GithubHelp home page GithubHelp logo

Comments (16)

NoahVl avatar NoahVl commented on July 30, 2024

Hey! Thanks for taking an interest in our code 😄 Sorry for my late reply, I didn't get notified for some reason.

It seems like we got an accuracy of 87% on the testing set (this was on the age labels, which we didn't use in the end), but I will look into the notebook more tomorrow. Could you tell me what dataset you're training on and what you're trying to predict?

If I remember correctly, the resizing you're describing was done on purpose. This was done because when we're training the StyleGAN2 model, we use smaller images than what the pre-trained ResNet/MobileNet models were trained on (224x224). This means that when we want to classify the (StyleGAN) generated images, we have to upscale the images to 224x224 (we let StyleGAN generate 64x64 images due to computational constraints). To properly capture the noise/artifacts introduced by the interpolation method- we therefore decided to downscale and then upscale the images during the training of the classifier as well. I believe we do this using the bilinear interpolation method, not doing so caused worse performance because it will become pixelated which these pre-trained classifiers don't seem to appreciate.

Our reasoning was that this way of downscaling and upscaling would be less out of distribution and therefore a safer bet. However, you'd have to test this for yourself to be sure. I'm not actually sure if we did.

Also feel free to ask more questions, I'm sorry we didn't properly comment this notebook. It was quickly thrown together because the MobileNet classification was causing a lot of frustration.

from explaining-in-style-reproducibility-study.

NoahVl avatar NoahVl commented on July 30, 2024

Also, are you using the same pre-trained ResNet classifier we're using? Or are you trying to train it from scratch?

from explaining-in-style-reproducibility-study.

DavidMrd avatar DavidMrd commented on July 30, 2024

Hi, thank you for your answer. I am using the pre-trained Resnet classifier. I am trying to predict the gender using the CelebA dataset. I tried to fine-tune/retrain it on the CelebA dataset but the ACC that I got was about 0.57.

from explaining-in-style-reproducibility-study.

NoahVl avatar NoahVl commented on July 30, 2024

Hey! So, the accuracy I reported previously was for the age classifier that we didn't end up using. For the ResNet CelebA gender classifier (which we used for generating the explanations of both face models) we got a validation accuracy of 97% and a testing accuracy of 97% as well. I made a new notebook for validating and testing the trained models, so you can see it there too. While testing on the FFHQ dataset then, where we use labels that likely aren't golden truth labels, we get an accuracy of 88% over the whole dataset. Note that we didn't train on this dataset, because the authors did not and we found the labels to be unreliable. But I suppose it is good to know how the model would perform on the data the StyleGAN2 model is trained on, if the labels are at least somewhat reliable.

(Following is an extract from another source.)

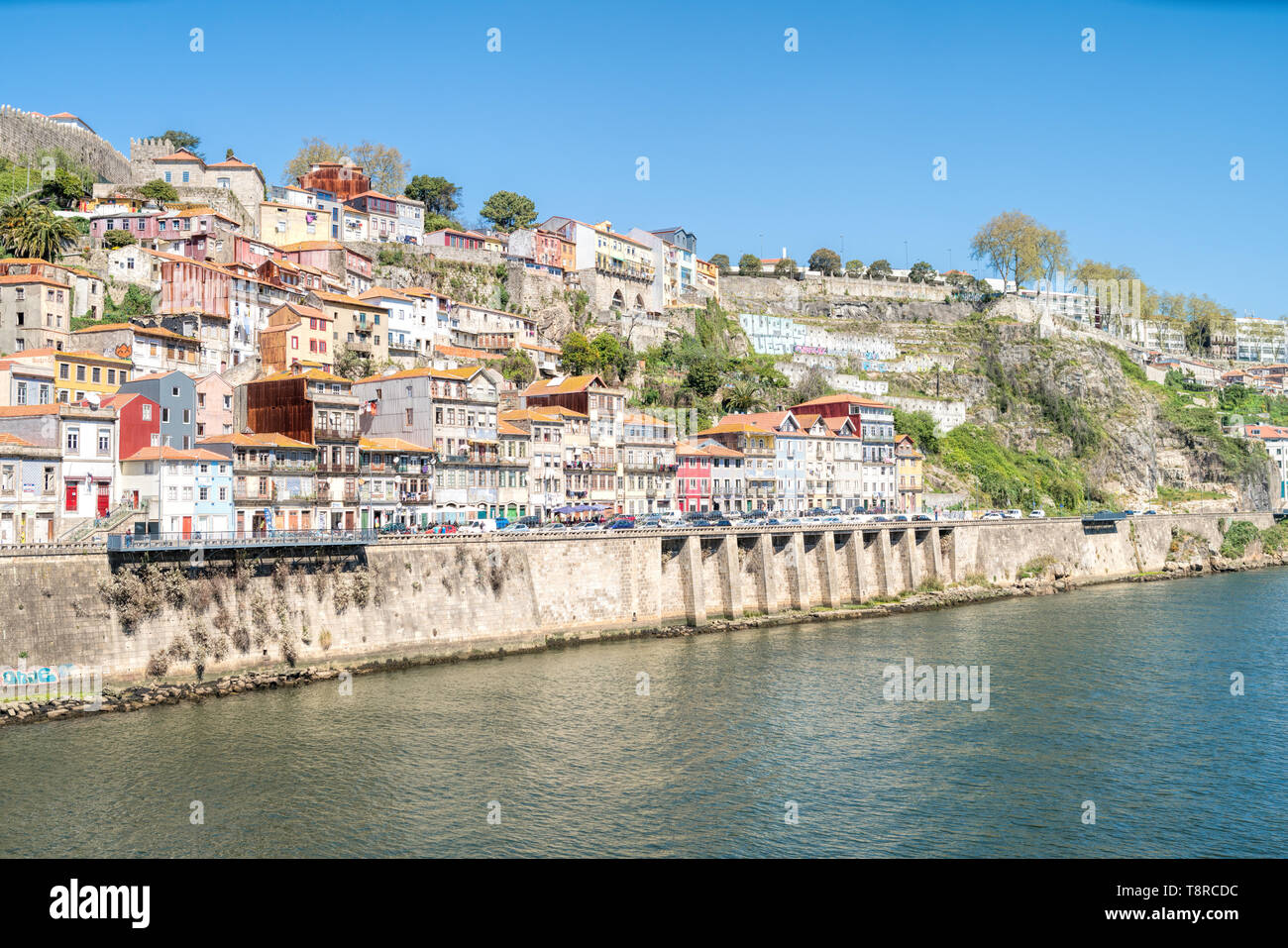 Voir de vieux Porto, porto, vin traditionnel Ribeira colorés bateaux dans la rivière Douro . Portugal Banque D'Images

I also tried re-running the classifier_training_celeba.ipynb notebook (which I updated now to show the results) and got around the same validation accuracy (97%). I did not run it on the testing set, because I saw that unfreezing and training the third to last layer caused the validation performance to drop a bit this time. You could therefore choose to not train that layer and just stop earlier.

All that being said, it shouldn't be the case you get an accuracy of 57% while fine-tuning the PyTorch provided pre-trained model with this notebook. Are you using a smaller batch size that might be the cause of this? Could you try running the training notebook again and see if you get similar performance to ours? You might have changed some things that caused the huge drop in performance.

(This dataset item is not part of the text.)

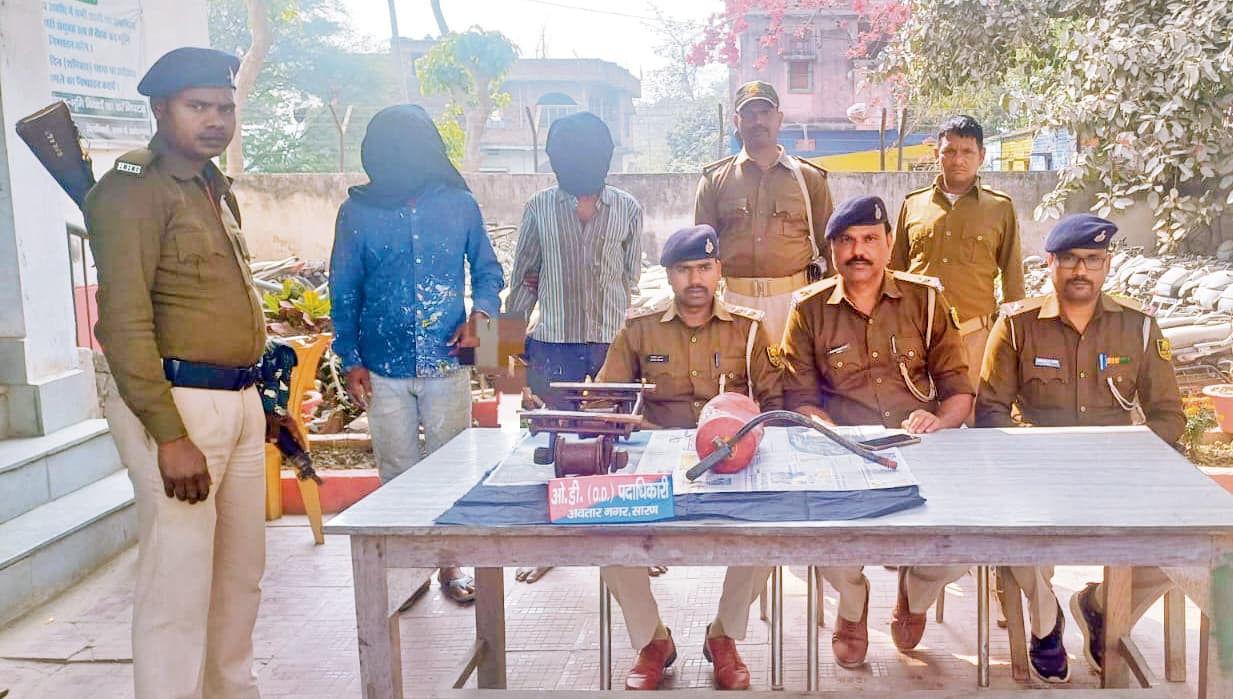 saran news. हत्या के दो आरोपितों को पुलिस ने किया गिरफ्तार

Do let me know if you try, I'll be happy to help!

from explaining-in-style-reproducibility-study.

DavidMrd avatar DavidMrd commented on July 30, 2024

Hi, I tested the new notebook and got again a validation and test acc of ~57%. Did you preprocess the images or the labels?

from explaining-in-style-reproducibility-study.

NoahVl avatar NoahVl commented on July 30, 2024

I'll clone the repository again and download the data from scratch using the notebook we provided and see if I can replicate your behavior, how strange. I'm certain we didn't change the CelebA images (we did manually filter the plant dataset, because there were some pictures of frogs and houses in there I believe), it could have something to do with the labels but we'll see.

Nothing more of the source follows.